Why the Shard Key Matters
The shard key determines three things:
- How data is distributed — whether documents spread evenly or pile up on one shard
- How queries are routed — whether reads hit one shard or all of them
- How writes are distributed — whether inserts fan out or create hot spots
MongoDB supports resharding and refining a shard key if you need to change course after sharding, so you’re not permanently locked in. That said, resharding involves copying data across shards, so it’s worth putting in the effort upfront to choose a good key. Here are the three failure modes a poor shard key can lead to:
Hot spots — If your shard key has low cardinality (few distinct values) or is monotonically increasing (like a timestamp), all new writes land on the same shard. The other shards sit idle while one is overloaded.
Scatter-gather queries — If your application mostly queries by a field that isn’t the shard key, every query hits every shard. Adding more shards makes queries slower, not faster.
Jumbo chunks — If one shard key value appears in millions of documents, MongoDB can’t split that chunk further. You end up with an immovable chunk that keeps growing.
Shard Key Best Practices
A good shard key has three properties:
High Cardinality
The key should have many distinct values — ideally as many as there are documents. This gives MongoDB room to split data into small, balanced chunks.
| Key | Cardinality | Verdict |
|---|---|---|
userId (UUID) |
Millions | Good |
email |
Millions | Good |
region |
4 | Bad — only 4 chunks possible |
status |
5 | Bad — data piles into a few chunks |
isActive |
2 | Bad — two chunks, one probably huge |
Low Frequency (Even Distribution)
Even with many distinct values, the distribution matters. If 80% of documents have the same customerId, that customer’s chunk becomes a hot spot.
Non-Monotonic
Values shouldn’t increase or decrease over time. Monotonically increasing keys (timestamps, auto-incrementing IDs, ObjectIds) cause all inserts to go to the shard that owns the maximum chunk range.

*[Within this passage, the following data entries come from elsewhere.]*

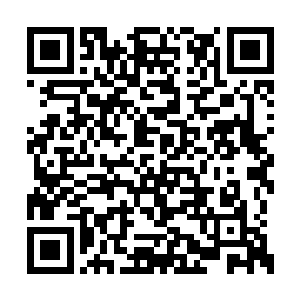 但是撰写和颁布法律条文并不是一件简单的事情二维码生成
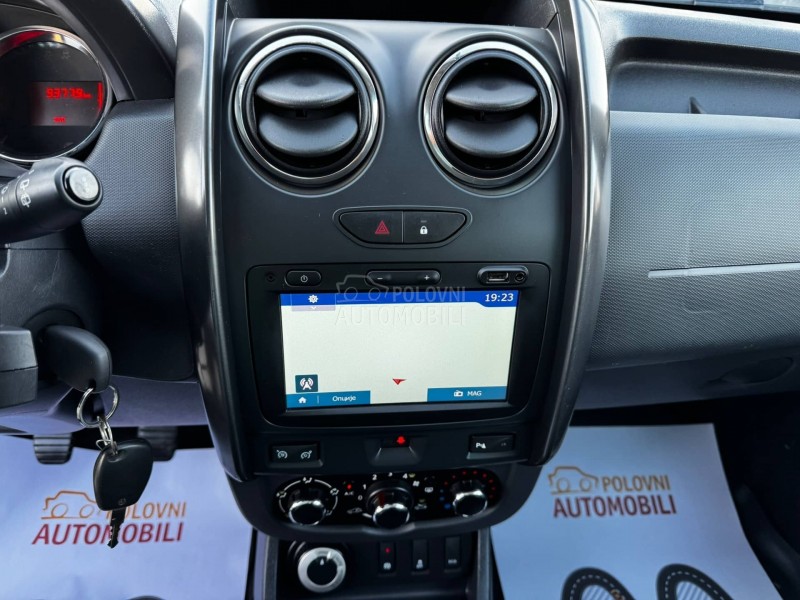 Dacia Duster 4x4 fuull NOV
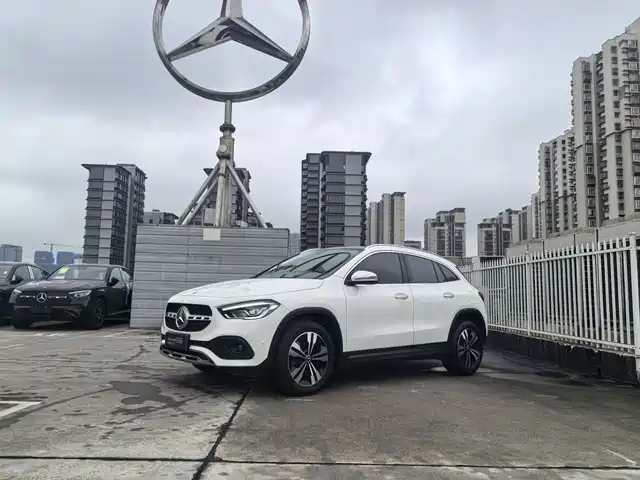 MERCEDES BENZ GLA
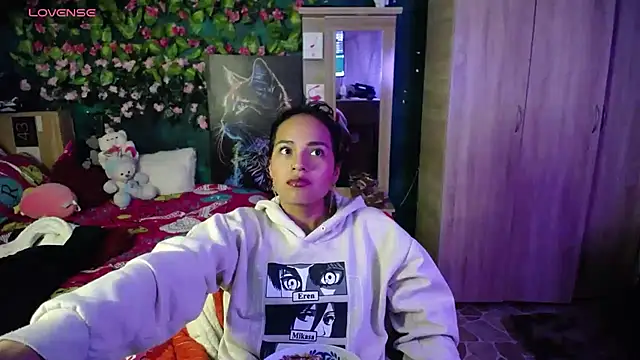 Snapshot of Samara_Beltran chatting on February 2025 02:20:02 AM Samara Beltran online show from February 2025 02:20:02 AM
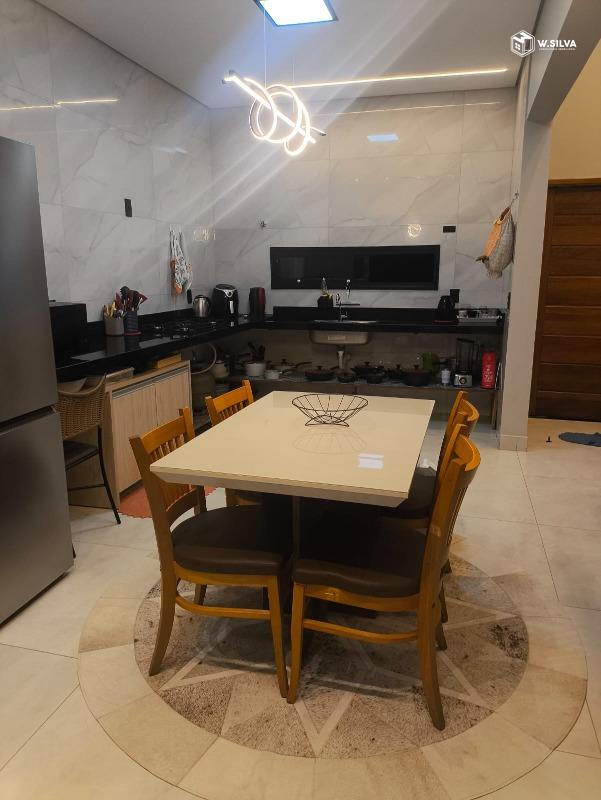 Casa à venda no Jardim Bom Sucesso:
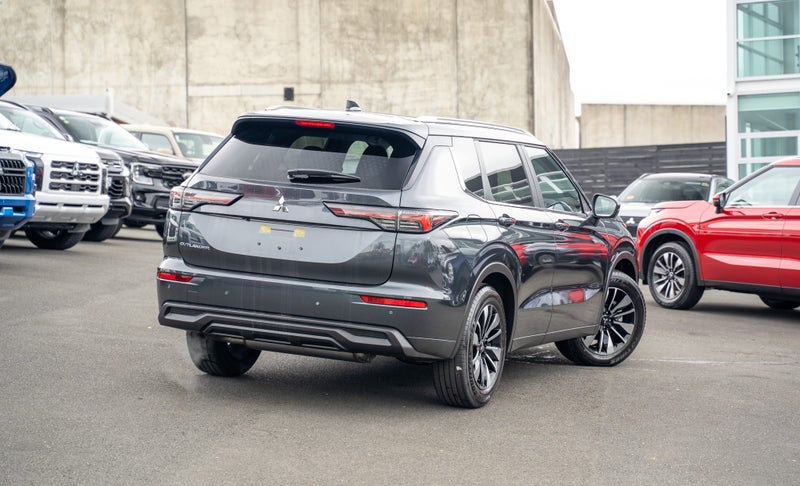 2025 Mitsubishi Outlander Ls 2.5P/Cvt image 2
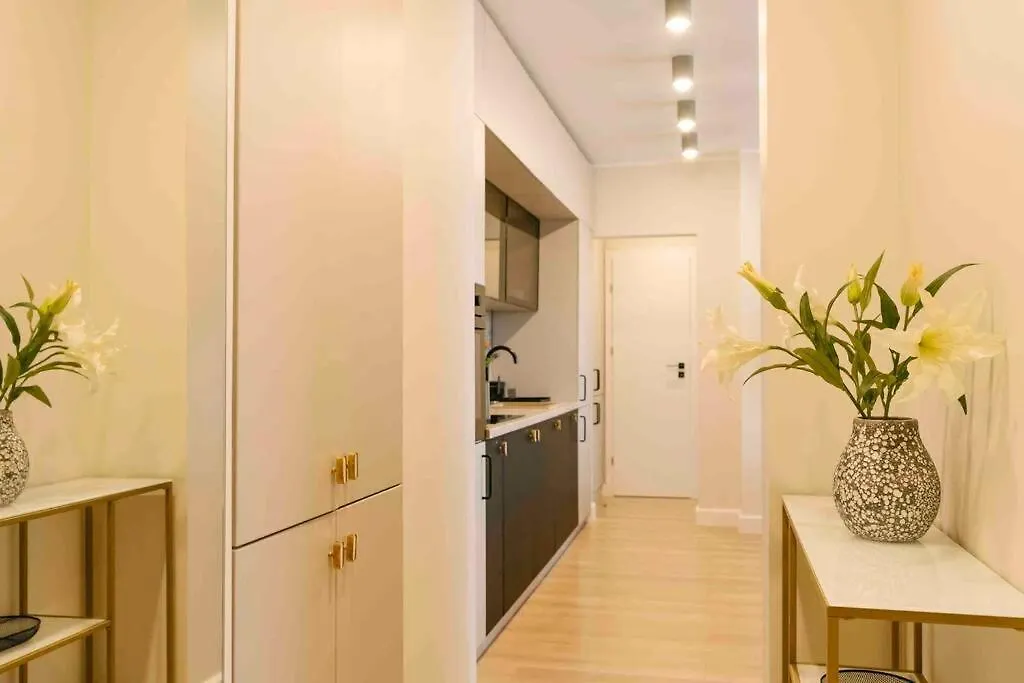 Sunny 2Br Flat-Top Location-Amazing Views Bükreş
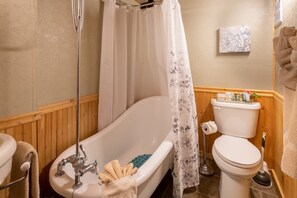 Bathroom - PT1 (Whitefish)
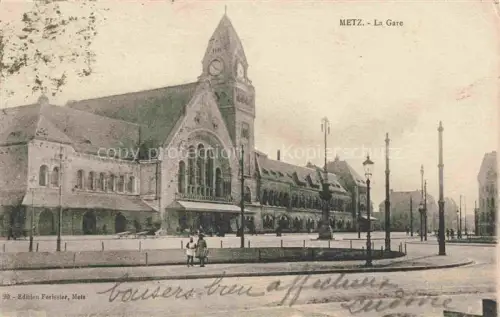 AK / Ansichtskarte METZ  57 Moselle Gare Bahnhof Uhrturm Laternen Platz Passanten Rue-d Enghien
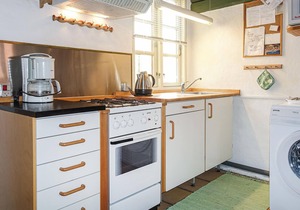 Awesome home in Allinge with kitchen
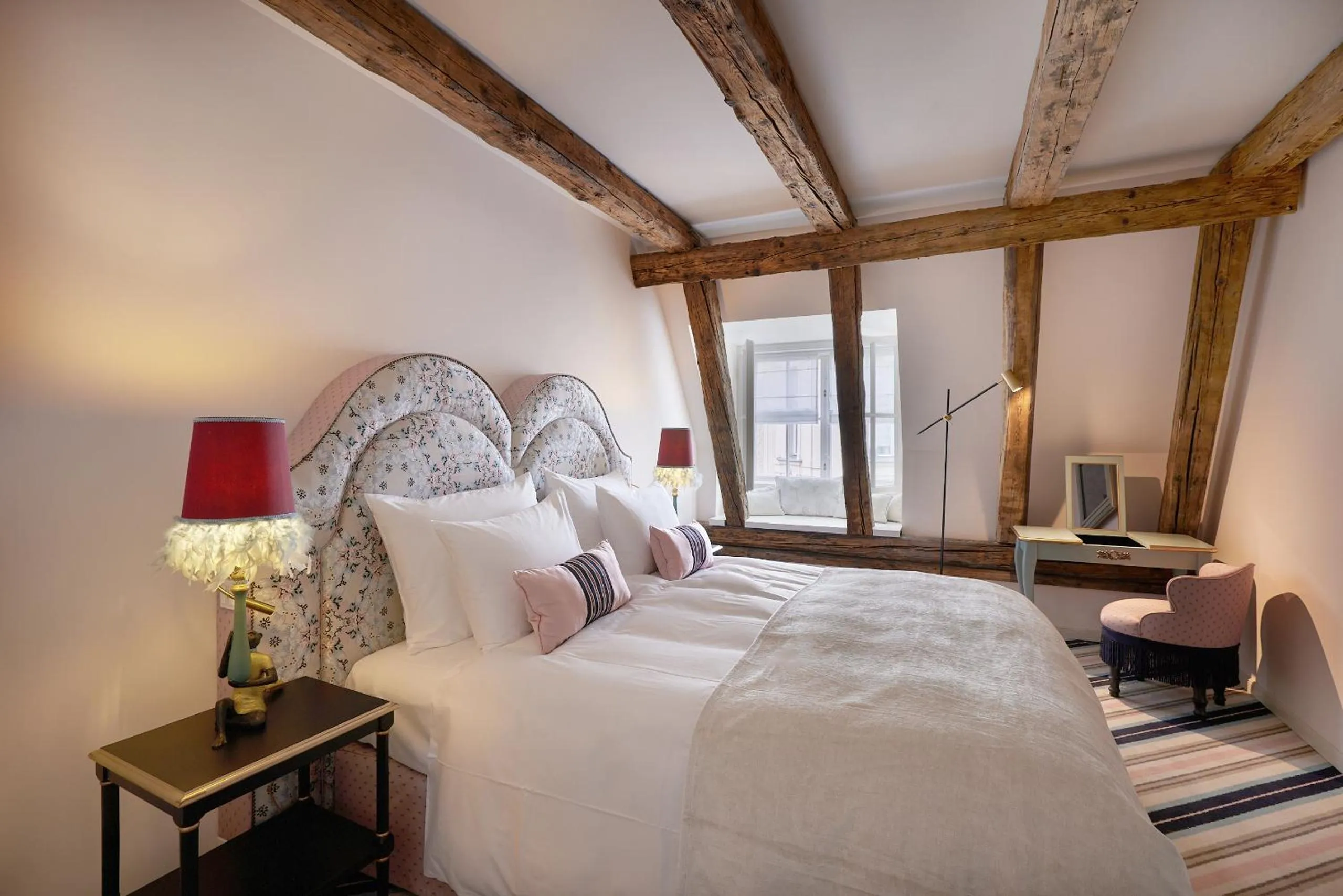 Royal  in The Leo Grand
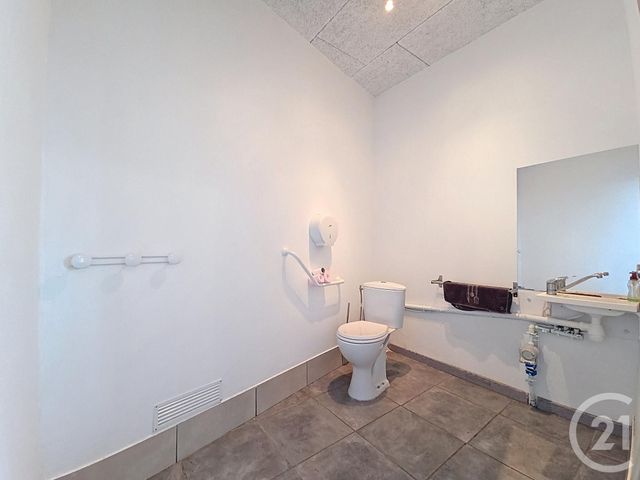 Appartement Local à vendre - 3 pièces - 42.5 m2 - RIOM - 63 - AUVERGNE - Century 21 Agence Girard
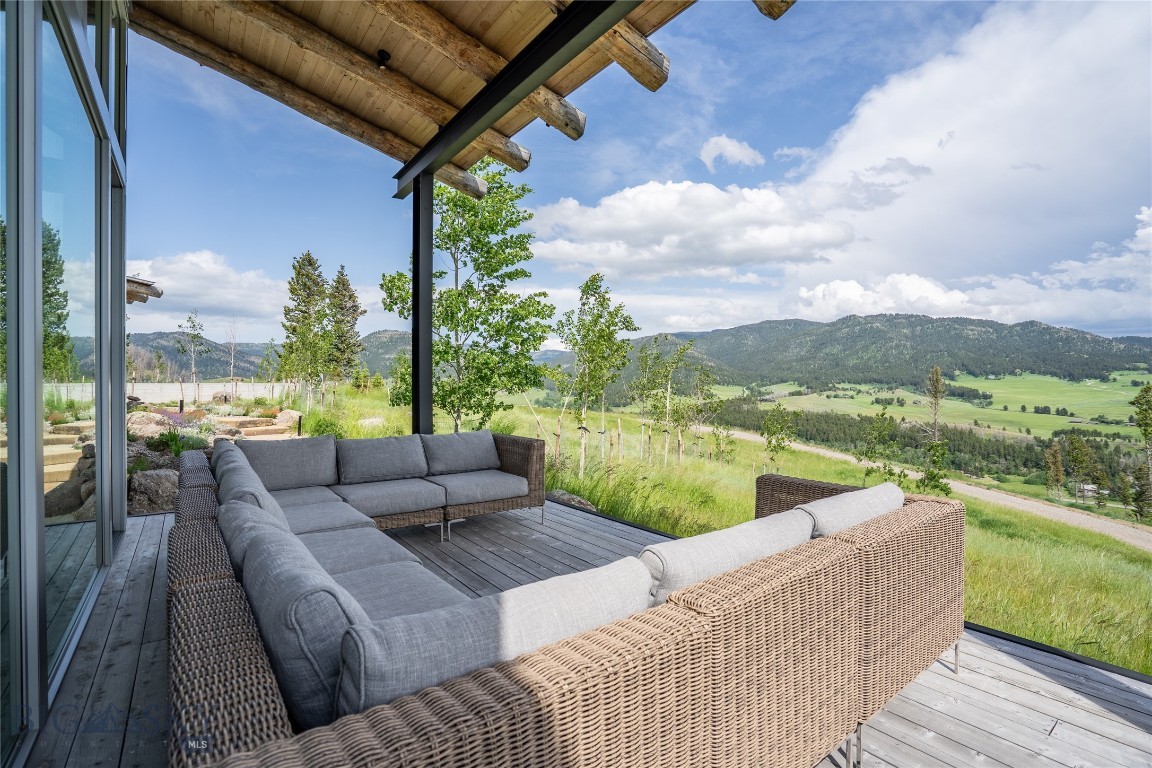 225 Alpen Strasse Street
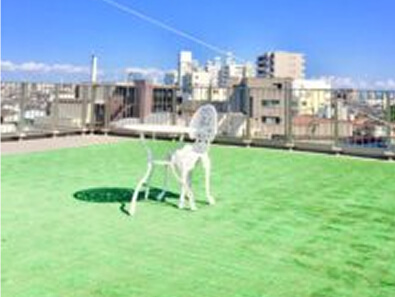 屋上での交流の場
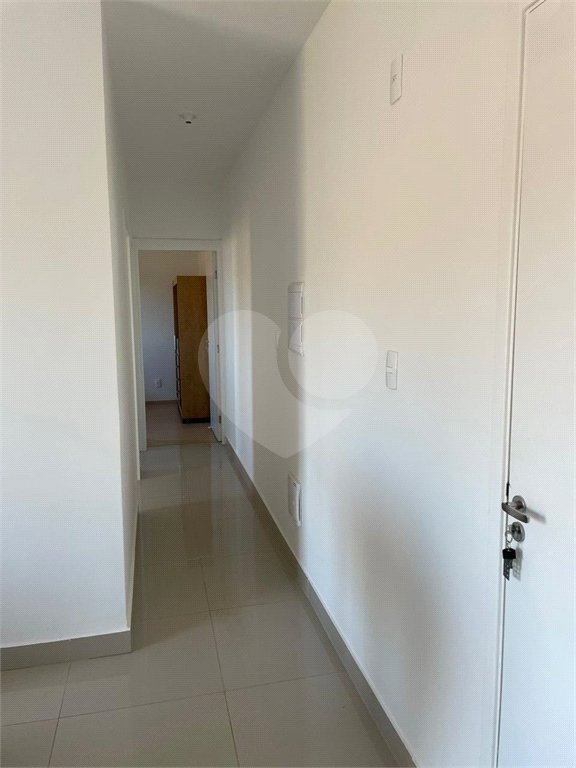 Apartamento com 02 Dormitórios á venda, em Araraquara-SP.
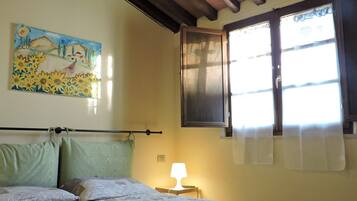 Bügeleisen/Bügelbrett, kostenloses WLAN, Bettwäsche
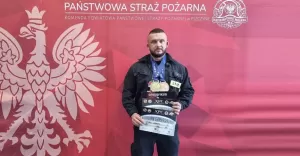Sukces pszczyńskiego strażaka w wyciskaniu sztangi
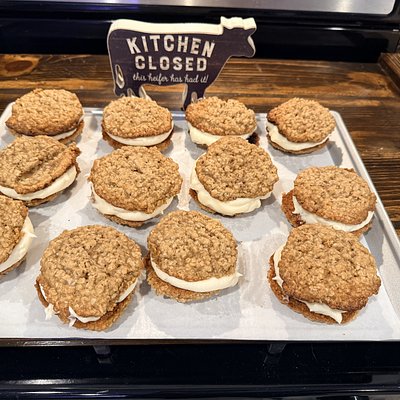 Oatmeal Cream Pies 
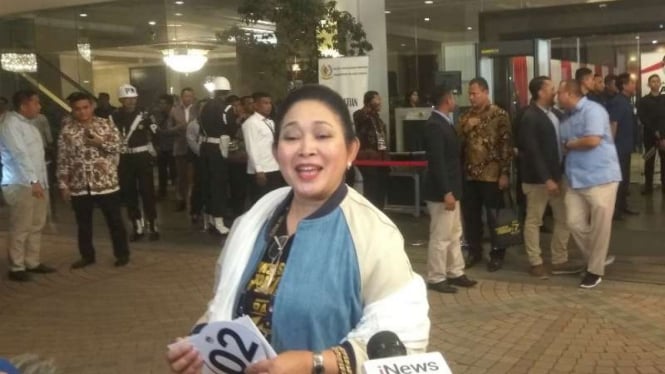 Siti Hediati Hariyadi yang akrab disapa Titiek Soeharto menghadiri debat capres.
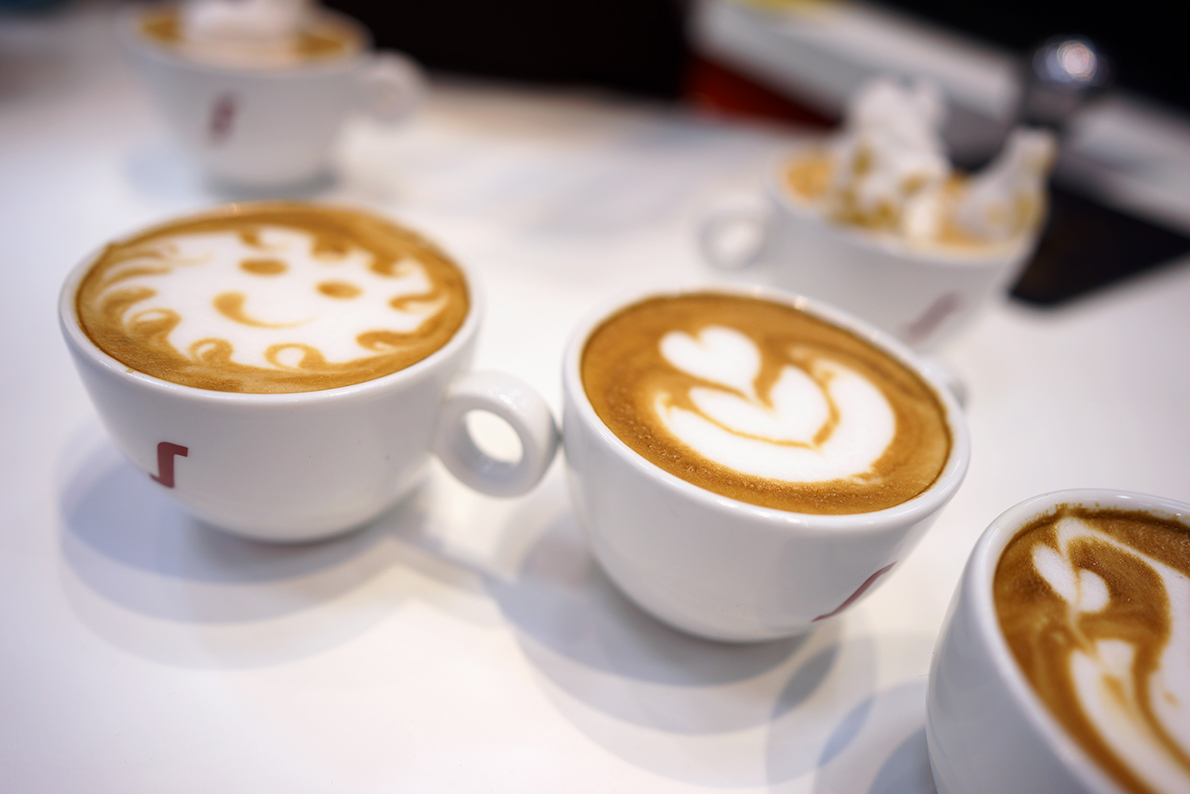 Barista na stoisku Segafredo zaprezentował nam również pokaz Latte Art.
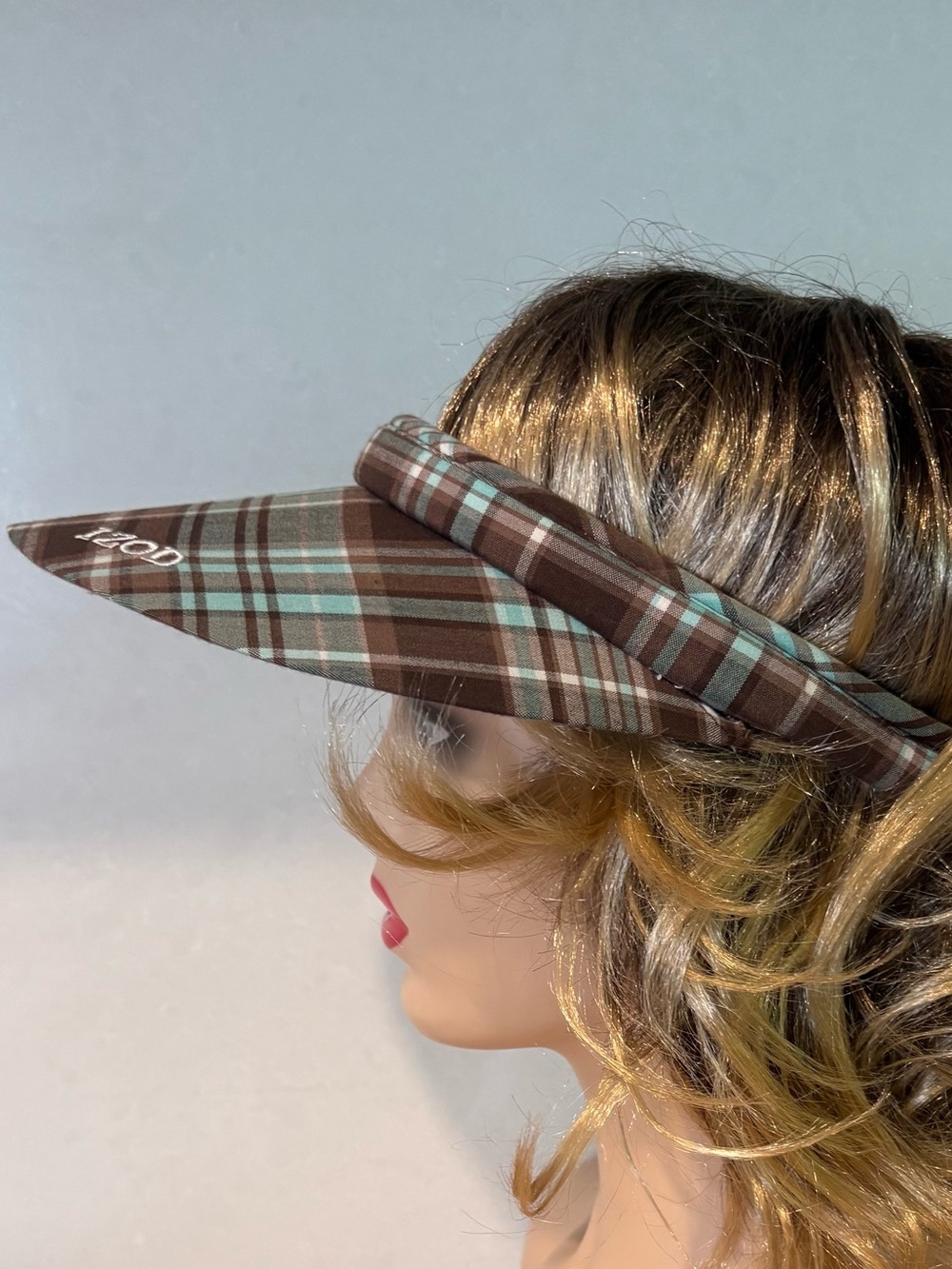 IZOD Plaid Golf Sun Visor Rayon
Blend Brown Turquoise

| Key | Monotonic? | Problem |
|---|---|---|
createdAt |
Yes | All inserts go to one shard |
_id (ObjectId) |
Yes | ObjectId starts with a timestamp |
UUID |
No | Random distribution |
{ region: 1, orderId: 1 } |
Partially | Compound key can help — random within each region |
Match Your Query Patterns
The shard key should appear in your most common queries. If 90% of your reads filter by customerId, then customerId in the shard key means 90% of reads target a single shard.
Compound Shard Keys
When no single field checks all the boxes, a compound shard key combines multiple fields. For example, { customerId: 1, createdAt: 1 } gives you:
- Targeted reads — queries filtering by
customerIdhit one shard - Range queries within a customer — date range scans within a customer stay on one shard
- Better distribution — the combination has higher cardinality than either field alone
Common Patterns by Use Case
| Use Case | Good Shard Key | Why |
|---|---|---|
| E-commerce orders | { customerId: 1 } |
Most queries are per-customer |
| Multi-tenant SaaS | { tenantId: 1, entityId: 1 } |
Isolates tenants; entityId prevents jumbo chunks for large tenants |
| IoT / time-series | { deviceId: 1, timestamp: 1 } |
Distributes by device; enables time range queries |
| Social media posts | { userId: 1, createdAt: 1 } |
User timeline queries are most common |
The Two MongoDB Commands That Help
Starting in MongoDB 7.0, two database commands let you evaluate shard keys with real data before committing. They work on both replica sets and sharded clusters, so you can analyze before sharding.
configureQueryAnalyzer
This command turns on query sampling for a collection. While active, MongoDB records a sample of the reads and writes hitting that collection into config.sampledQueries.
db.adminCommand({
configureQueryAnalyzer: "mydb.orders",
mode: "full",
samplesPerSecond: 5
})
- mode —
"full"to start,"off"to stop - samplesPerSecond — how many queries per second to capture (1–50)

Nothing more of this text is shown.